Tom had been anxious to get away from Wilmington for the Fourth of July holiday because he didn't particularly want to talk to any more detectives until he and Charlie Oberly established some ground rules. Although he had evinced interest in helping them find out what had happened to Anne Marie, he was not about to have them declare open season on his personal affairs. There were aspects of his life and his family's life that were none of their business.

His whole family would be at the shore for the long holiday weekend, and he suggested to Debby that she might want to get away for a while too. The press was going to have a field day with this thing. He had to tell Kay, too. He wanted her to round up the girls and head for the shore as soon as possible.

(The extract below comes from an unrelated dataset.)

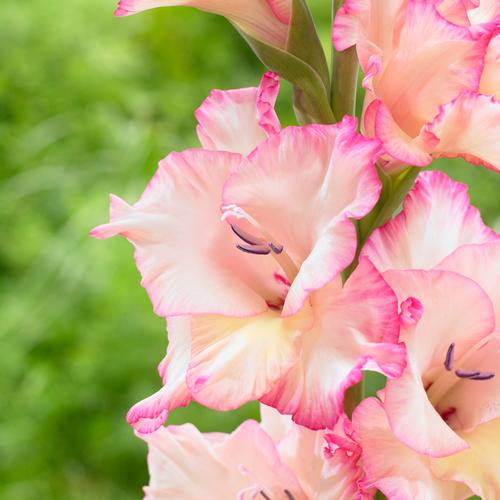 Hvid Pink Gladiolus Blomsterfrø 100 stk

Otherwise they would probably have reporters
and
police making their lives miserable.

T
OM
'
S
name did hit the papers on July 3, although the coverage was more subdued than it might have been:

Anne Marie Fahey . . . was last seen by Wilmington attorney and political insider Thomas J. Capano when the two had dinner Thursday night in Philadelphia, according to friends and sources close to the investigation. . . . Police said they do not consider Fahey's dinner companion, whom they did not identify, to be a suspect and said he had been cooperative with investigators.

It was the first breath of scandal ever to touch Tom, and everyone who knew him was surprised. But he was separated from his wife, and there was no indication in the article of what his relationship with Anne Marie might have been. It wasn't a crime to take a pretty woman out to dinner.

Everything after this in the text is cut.